PDVSA ha distraído muchos recursos en programas no consubstanciales al negocio petrolero. De acuerdo a los estados financieros, los gastos de esas filiales aumentaron 94% en comparación con 2014, al pasar de Bs. 136.246 millones a Bs. 246.382 millones. Pero el colapso de los precios del petróleo ha obligado a reducir su aporte a los programas sociales y a transferir las mencionadas filiales a los ministerios o entes públicos que tengan la competencia en cada materia.

El Ministro de Petróleo reconoció en la XXXVIII Asamblea de la Cámara Petrolera que fue un error estatizar las empresas de servicios: "Debemos ir a un nuevo modelo con mayoría del sector privado y eso pasa por un reconocimiento de errores. Creo que lo que se hizo en el lago de Maracaibo tuvo muchos errores, debemos reconocerlo y hemos ido a un esquema en el cual a todos aquellos empresarios, que aún quieran continuar, vamos a devolverle sus actividades".
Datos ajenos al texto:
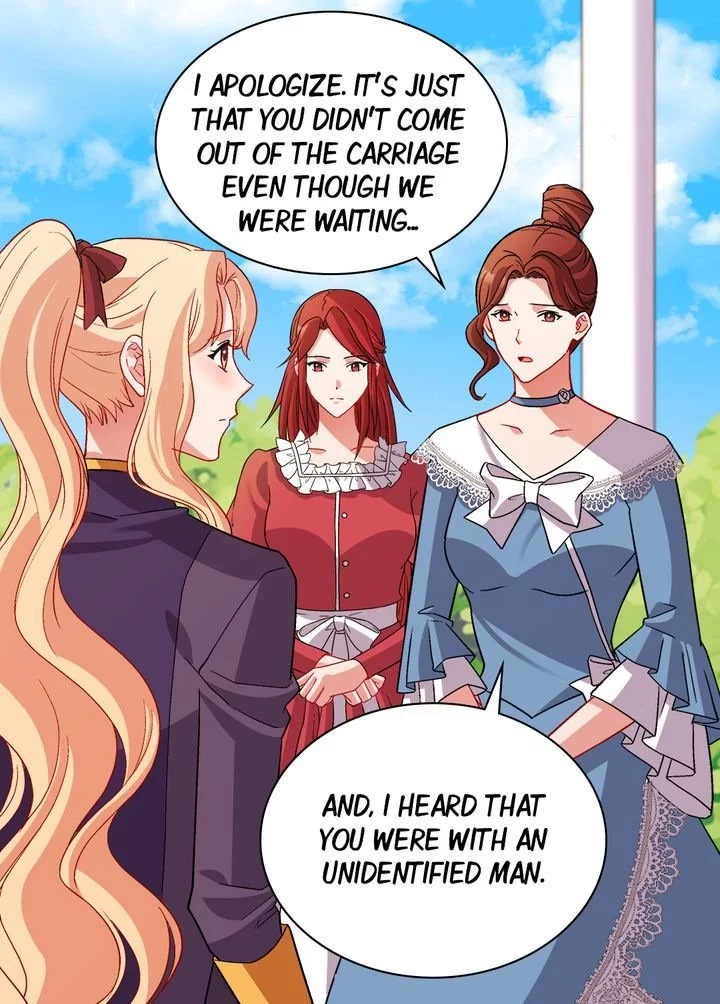 What It Takes to be a Villainess Chapter 94 page 15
Dipro insostenible para PDVSA
Ante el estancamiento de los precios del petróleo, la irracionalidad de la tasa Dipro recae con toda su fuerza sobre PDVSA. Si los precios del petróleo logran estabilizarse en torno a los 40 $/b, pero la compañía petrolera es obligada a vender el mayor porcentaje de su ingreso en divisas a la tasa de 10 Bs/$, eso quiere decir que por cada barril de petróleo de 159 litros, PDVSA apenas obtiene 400 Bs/b. Es decir, solo 2,5 Bs por litro de petróleo, menos de lo que cuesta un caramelo. Por eso, al convertir parte de su ingreso en divisas a la tasa Dipro de 10 Bs/$, los bolívares que recibe no le alcanzan para pagar una nómina de más de 140 mil trabajadores, honrar sus deudas con proveedores y contratistas, transferir aportes a los programas sociales y mantener al día las obligaciones con el fisco. Y, justamente, eso es lo que lleva a PDVSA a endeudarse con el BCV.

Unificar el régimen de cambios múltiples en torno a la tasa Dicom (que al momento de escribir este artículo había alcanzado los 644 Bs/$) generaría suficientes bolívares para que PDVSA pueda pagar la nómina y honrar todas sus deudas y compromisos. Esto eliminaría la presión que se ejerce sobre el BCV, el cual es obligado a realizar desmesuradas emisiones de dinero sin respaldo para financiar el déficit de PDVSA y otros entes públicos, cuestión que se ha convertido en el principal factor propagador de la inflación.